━━━━━ Data for review

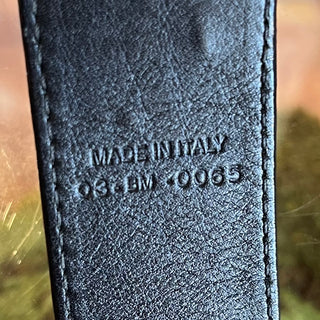 DIOR Cannage D Buckle Black Leather Belt SZ 90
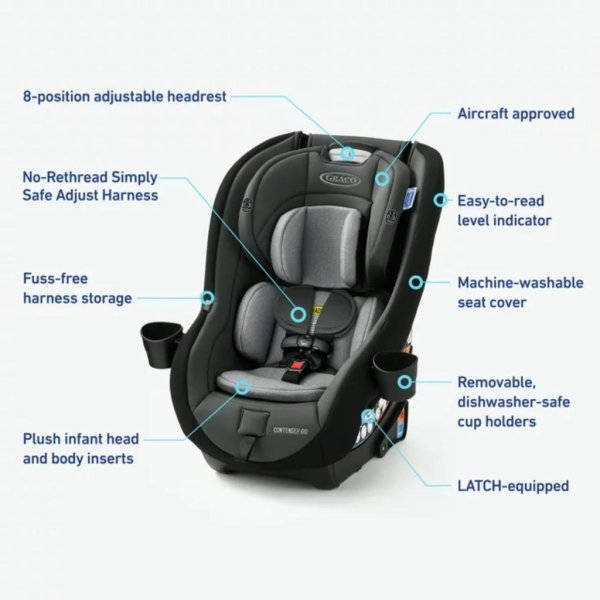 graco contender go convertible car seat, winston (6)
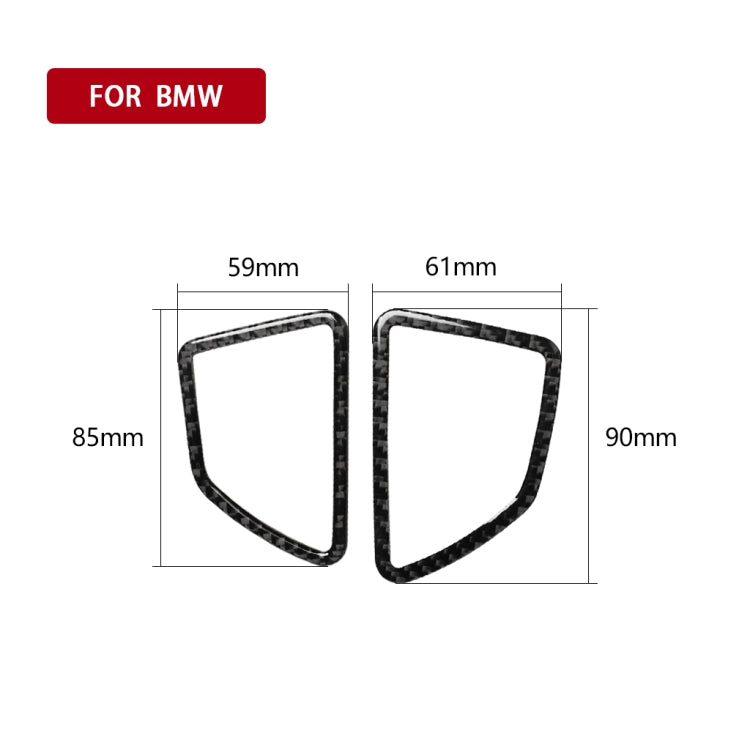 Adesivo decorativo per presa d'aria sul cruscotto in tinta unita in fibra di carbonio 2 in 1 per BMW E70 X5 / E71 X6 2008-2013, guida a sinistra, Dashboard Air Outlet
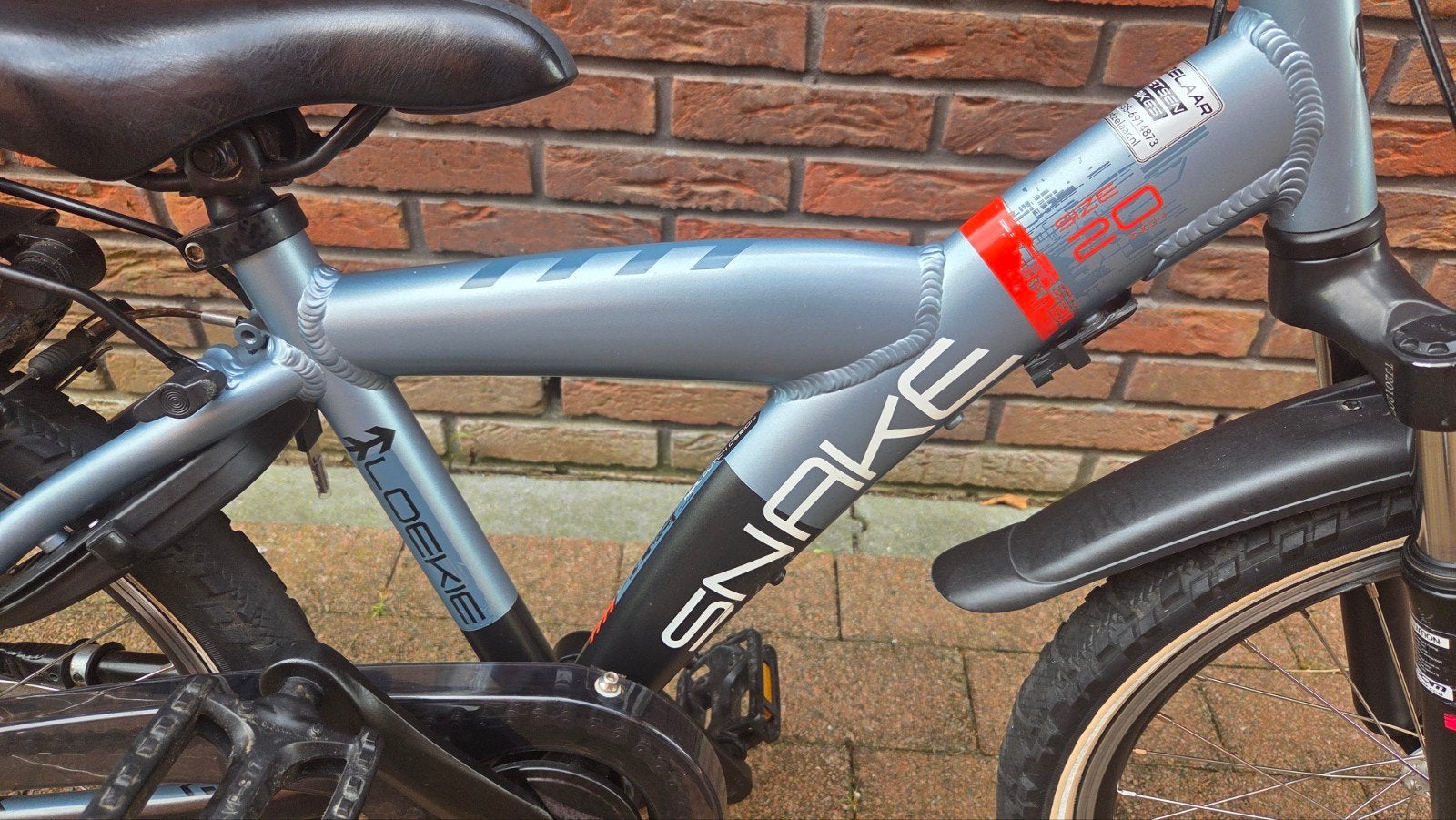 Zeer nette 20 inch Loekie Snake jongensfiets, Ophalen, Terugtraprem, Batavus Snake Alpina Trial Yabber cube bulls loekie sparta
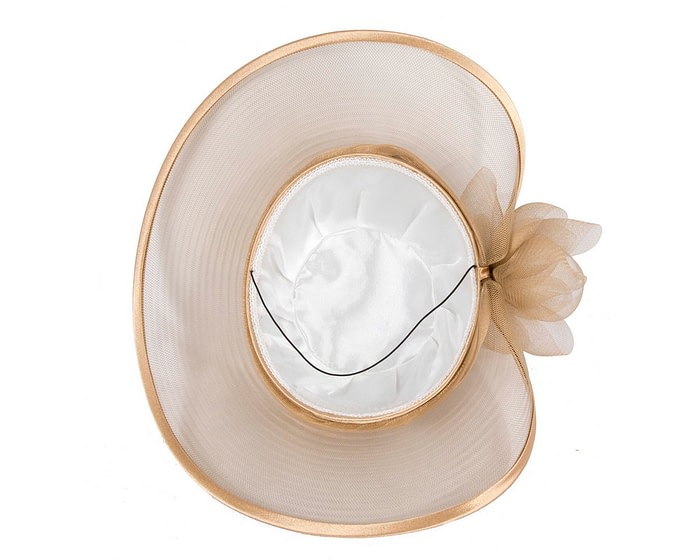 Custom Made Gold Special Occasion Hat - Image 5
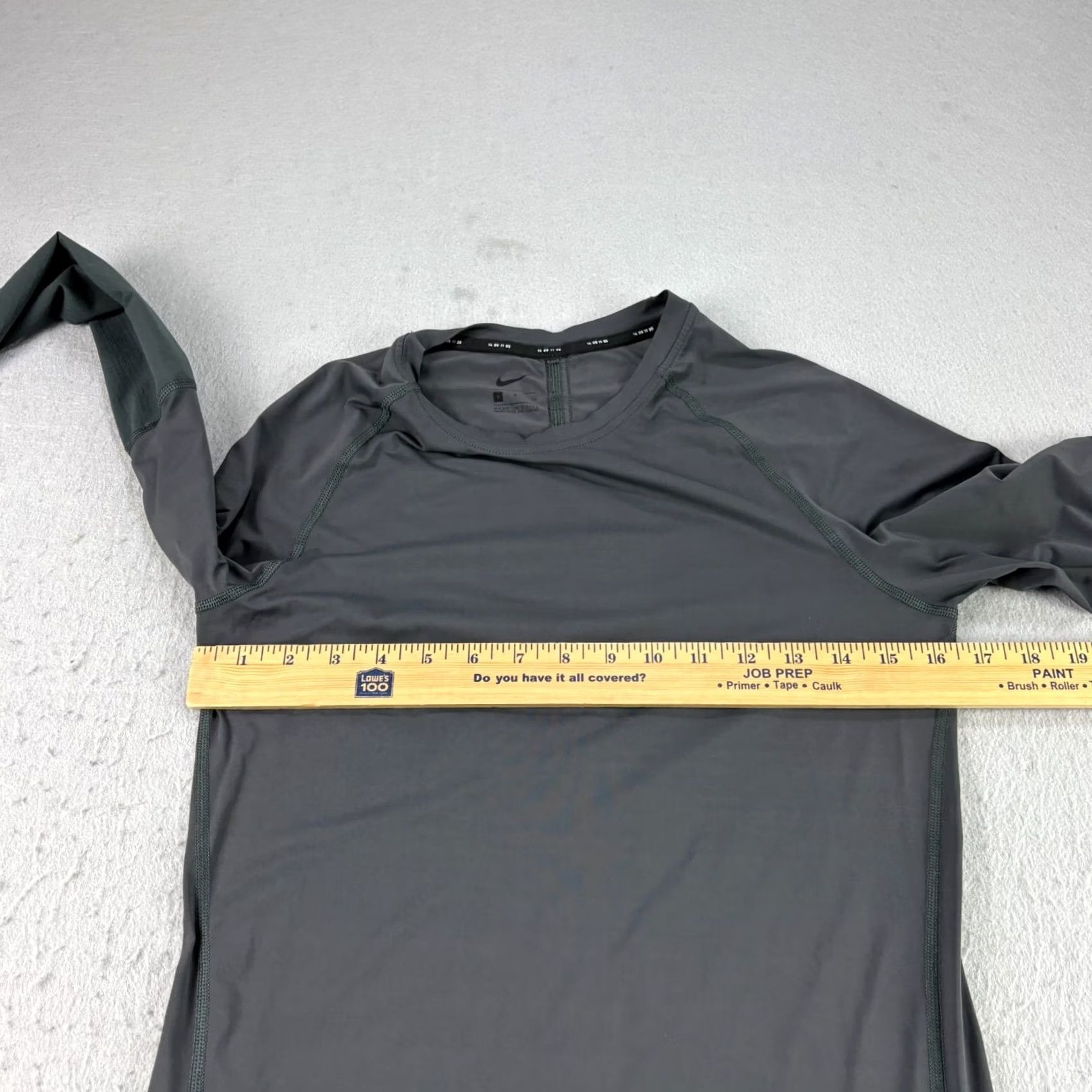 Nike Nike Pro Shirt Mens Small Gray Tech Pack Long Sleeve Gym Training Yoga Size US S / EU 44-46 / 1 - 4 Thumbnail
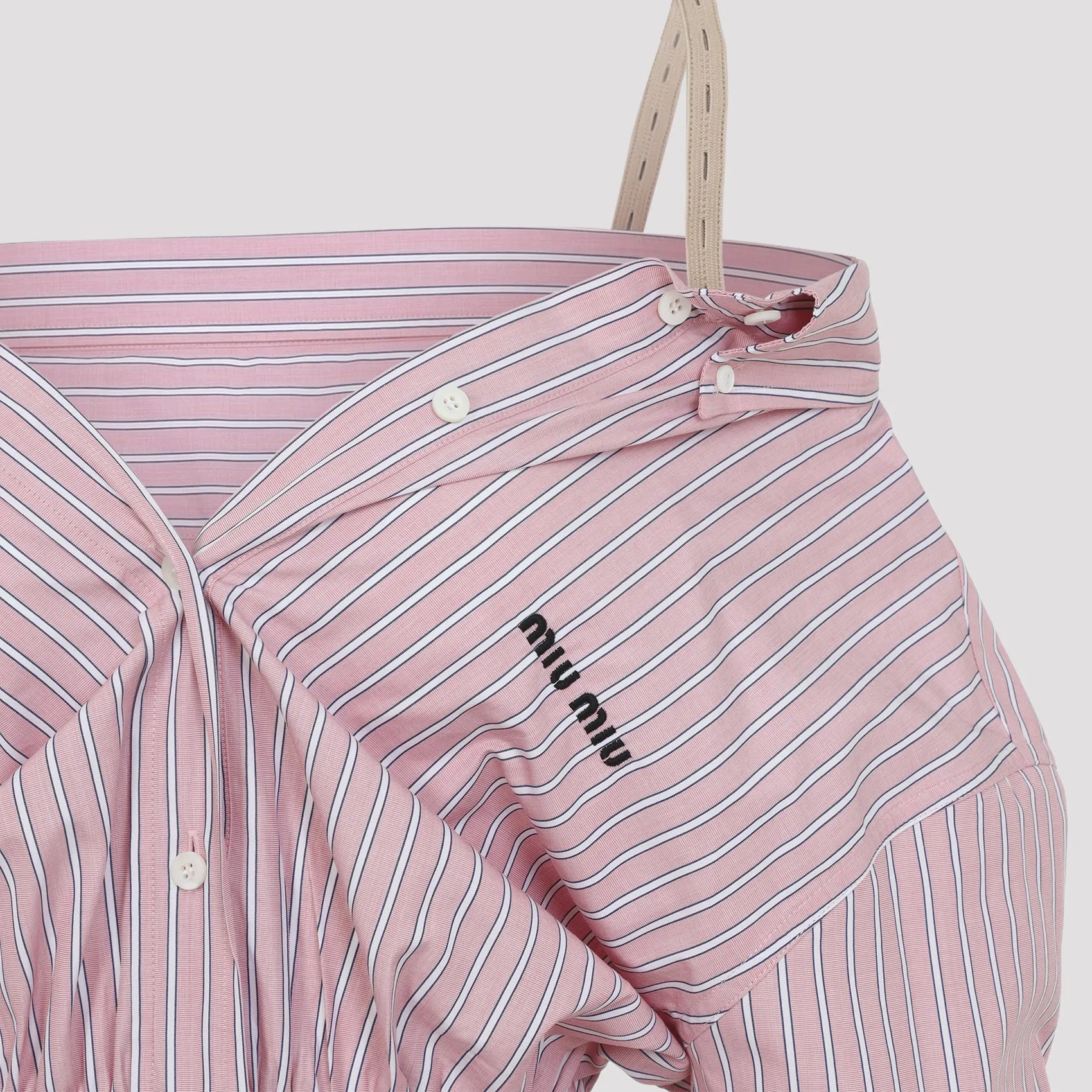 ELASTICATED WAISTBAND STRIPED SHIRT MINI DRESS sold by Lord & Taylor product image thumbnail 4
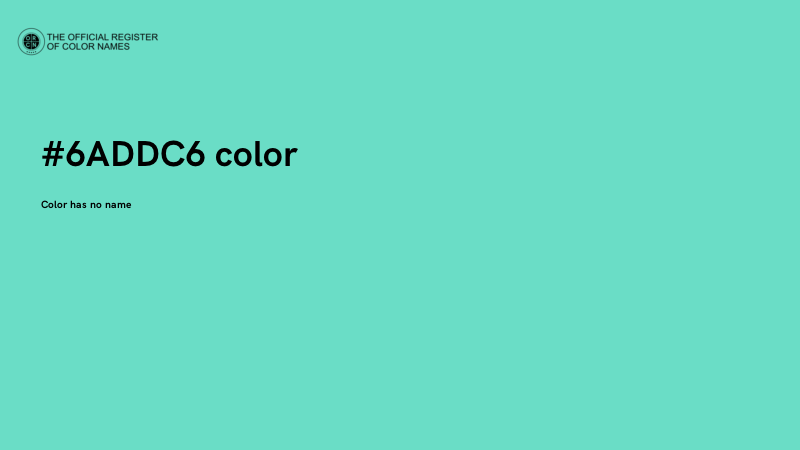 #6ADDC6 color image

━━━━━━━━━━

## Description of the task
Copy every record exactly, dropping the images.

## Problem solution
 DIOR Cannage D Buckle Black Leather Belt SZ 90
 graco contender go convertible car seat, winston (6)
 Adesivo decorativo per presa d'aria sul cruscotto in tinta unita in fibra di carbonio 2 in 1 per BMW E70 X5 / E71 X6 2008-2013, guida a sinistra, Dashboard Air Outlet
 Zeer nette 20 inch Loekie Snake jongensfiets, Ophalen, Terugtraprem, Batavus Snake Alpina Trial Yabber cube bulls loekie sparta
 Custom Made Gold Special Occasion Hat - Image 5
 Nike Nike Pro Shirt Mens Small Gray Tech Pack Long Sleeve Gym Training Yoga Size US S / EU 44-46 / 1 - 4 Thumbnail
 ELASTICATED WAISTBAND STRIPED SHIRT MINI DRESS sold by Lord & Taylor product image thumbnail 4
 #6ADDC6 color image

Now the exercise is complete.